At 2:30 am on this day seventy-seven years ago my father was facing another screaming attack by Japanese soldiers around a garrison set up on the grounds of a Deputy Commissioner's bungalow in India. It was overlooked by a series of small hills near the town of Kohima. Along with his regiment, he was involved in a siege that lasted a fortnight. It involved fighting described as 'desperate as any recorded in history.'
Most people have never heard of the Siege of Kohima. Probably because it was fought by men involved in the Burma campaign, 'the forgotten army', whose story has never been given the glitzy Holywood treatment, like many military events of WWII. It was hardly reported at the time, the people of Britain were facing enough perils of their own, yet two Victoria crosses were awarded and Lord Mountbatten described it as one of the greatest battles in history.
Those that have read my recent book will know that my father, Samuel Wait 614883 was flown to Imphal with the rest of the 161 Brigade when the Japanese launched a major offensive to invade India. At Kohima, the Japanese hurled three infantry regiments, of over 6,000 men at the Fourth Battalion of the Royal West Kents. Together with what they called the 'odds and sods' the West Kents, known as "The Dirty Half Hundred," formed a scratch garrison of approximately 1,500. So began the siege of Kohima, one of the pivotal fights of the war against Japan.
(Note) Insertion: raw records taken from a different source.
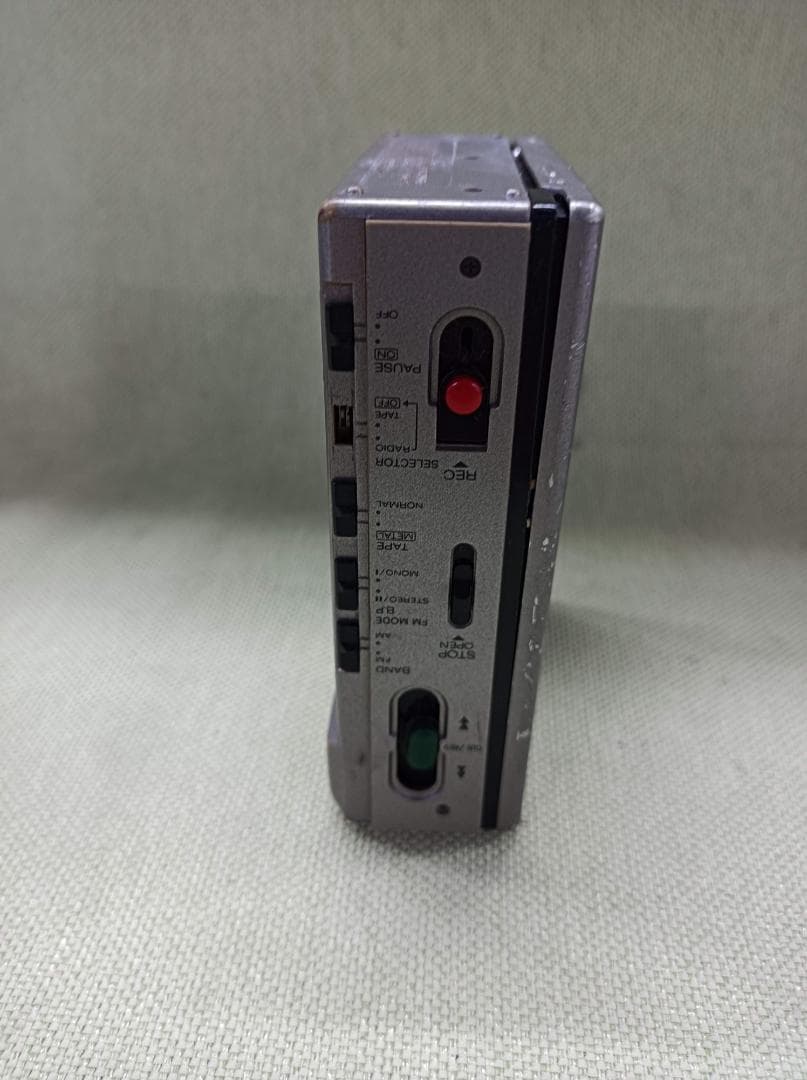 都《WPAEC》ナショナル RX-S70　AUTO REVERSE　ジャンク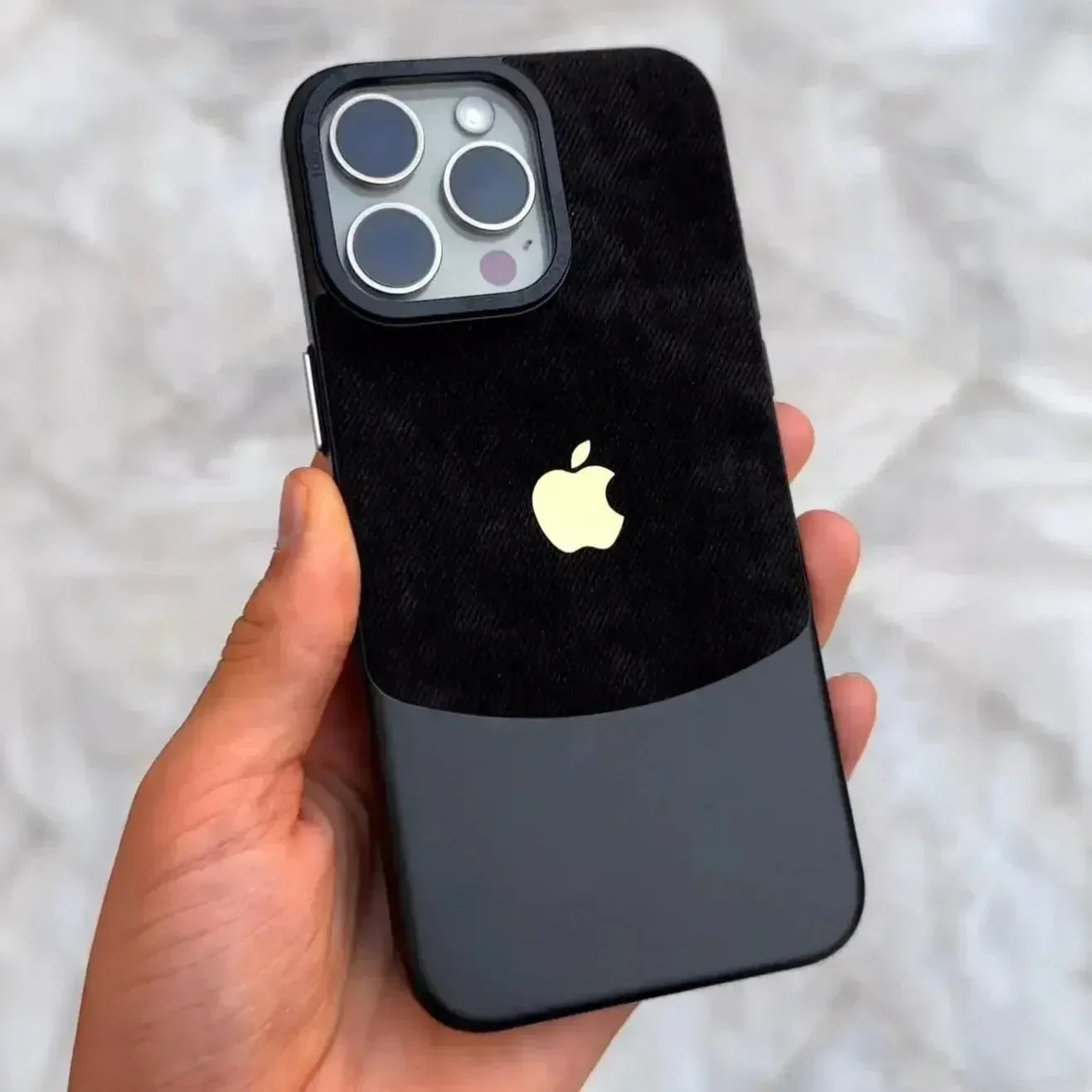 Velvet Touch Dual Tone Case iPhone 13 Pro Max - Three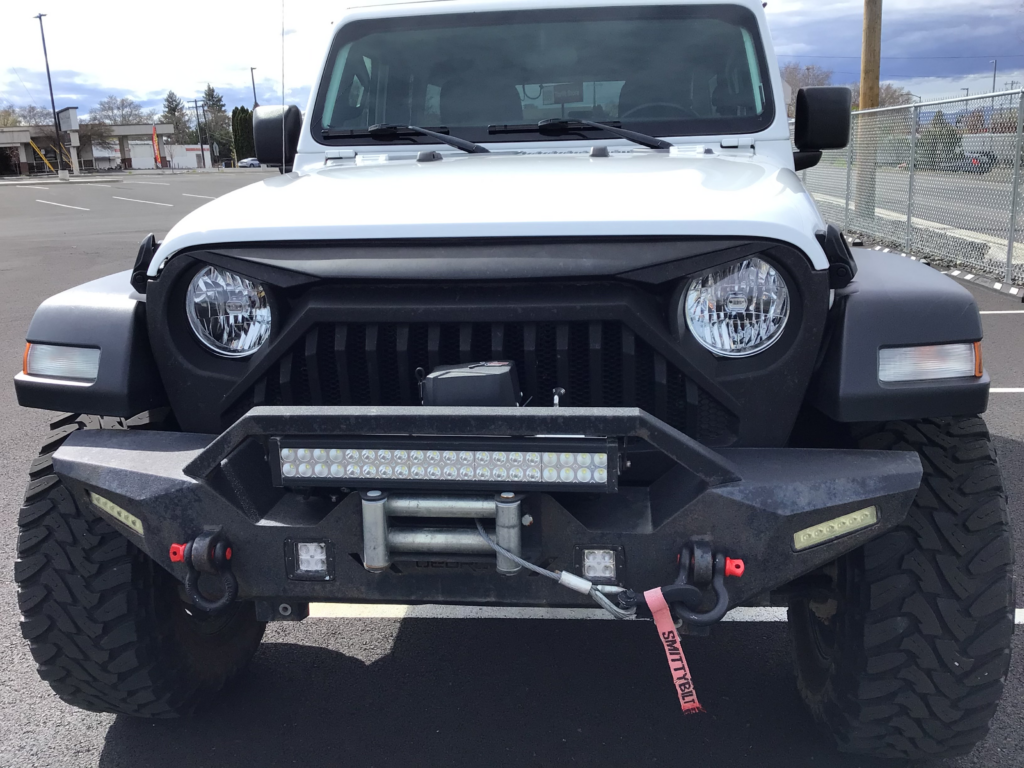 2020 Jeep Wrangler - Repo Finder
The siege, which a Japanese colonel would later call, 'that great bitter battle', lasted for a fortnight, with hand-to-hand combat, fierce and ruthless, by 'filthy bedraggled, worn-out men, whose lungs were rarely free of the noxious smell of decaying corpses inside and out the perimeter'. By the night of the 18th April 1944, the Japanese had cut the garrison in two with wave after wave of attacks. They were everywhere, in all the trenches and just one hundred yards from the Battalion Headquarters that held 600 hundred casualties.
If the Japanese were to achieve the great prize, the blooming rose of eastern India, they would first have to grasp the thorn of the hill station at Kohima. The Indian Official History records that the whole defence was about to crumble and the perimeter had been reduced to a little square with each side being no more than 350 yards. The tennis court became the front line between attacker and defender and where tennis balls had been idly lobbed, grenades whizzed back and forth across the width of the court.
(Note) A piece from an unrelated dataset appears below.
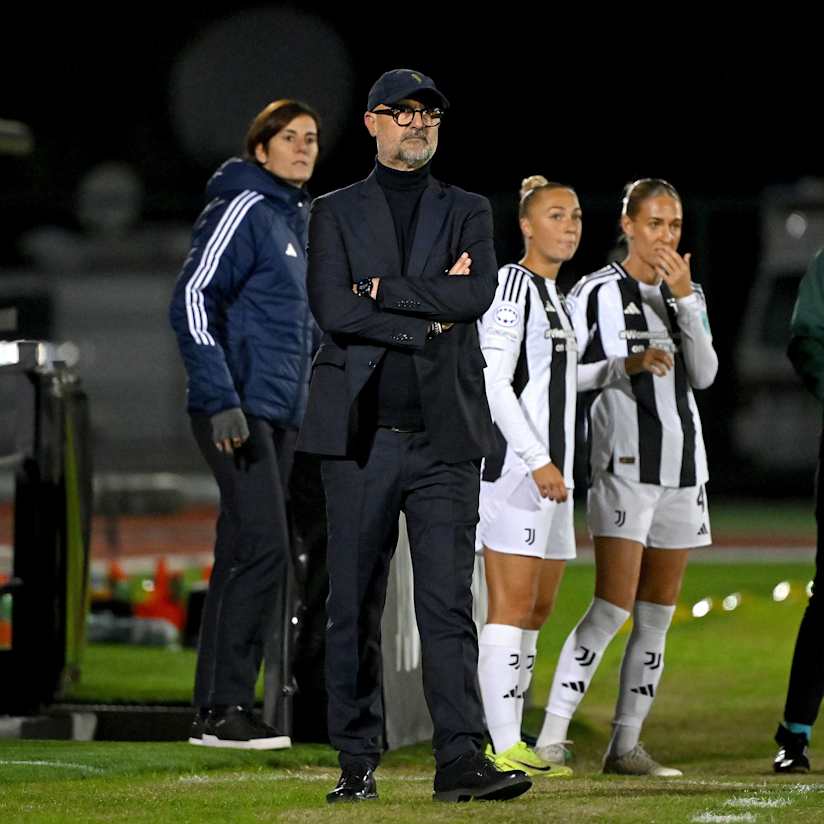 PRESS ROOM | Comments after Juventus Women-Arsenal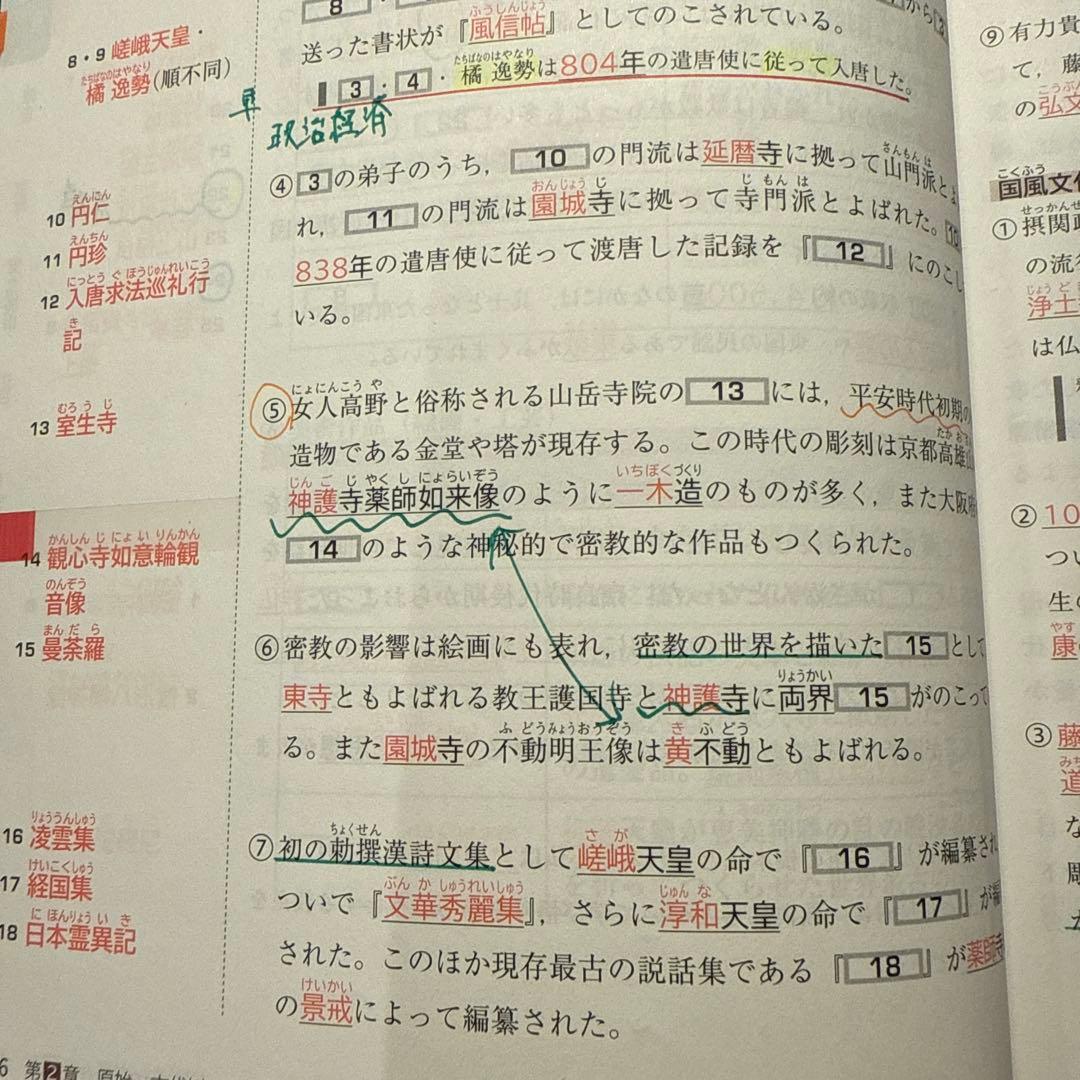 早稲田9割　2レベル定着トレーニング　史料の一問一答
When I asked dad how he felt during this siege, he replied, "I did not want to let my mates down". His Commanding Officer, Major John Winstanley later explained that they had no idea that they were confronted by a whole Japanese division. But they had no thought of surrender at any level.
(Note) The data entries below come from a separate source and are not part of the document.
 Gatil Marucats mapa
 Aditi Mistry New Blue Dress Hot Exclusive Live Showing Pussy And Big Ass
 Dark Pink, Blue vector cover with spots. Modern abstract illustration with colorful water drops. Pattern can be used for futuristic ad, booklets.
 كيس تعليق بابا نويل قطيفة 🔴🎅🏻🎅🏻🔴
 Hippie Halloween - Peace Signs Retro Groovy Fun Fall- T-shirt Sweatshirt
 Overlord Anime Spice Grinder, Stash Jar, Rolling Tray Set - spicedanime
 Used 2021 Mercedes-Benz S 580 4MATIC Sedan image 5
The garrison did not fall. The thin line of the West Kents held. On the morning of the 20th April, the Royal Berkshire Regiment relieved the garrison and witnessed little groups of grimy, bearded rifleman standing at the mouths of their bunkers and staring with bloodshot sleep-starved eyes. The siege was finally over. My father and the rest of the shattered West Kents went down the hill in two's and three's. They had fought and lived in trenches for almost a fortnight. For rest, they had thrown themselves on the ground with their boots on, ready to fight at a moments notice.
This epic battle was a decisive turning point in the Burma Campaign. It demonstrated categorically that the Japanese were not invincible. Major General William Slim, Commander of the 14th Army later said that "sieges have been longer, but few have been more intense, and in none have the defenders deserved greater honour than the garrison of Kohima."
Today, the cemetery in Kohima is located exactly where the battle took place. There are two memorial crosses. One is dedicated to the Indian and Sikh soldiers, the other has the epitaph:
'When You Go Home, Tell Them Of Us And Say,
For Your Tomorrow, We Gave Our Today.'
My father survived this horrific siege and remained in Burma fighting with the 14th Army until August 1946. By then, the Japanese had been driven out of Burma and surrendered.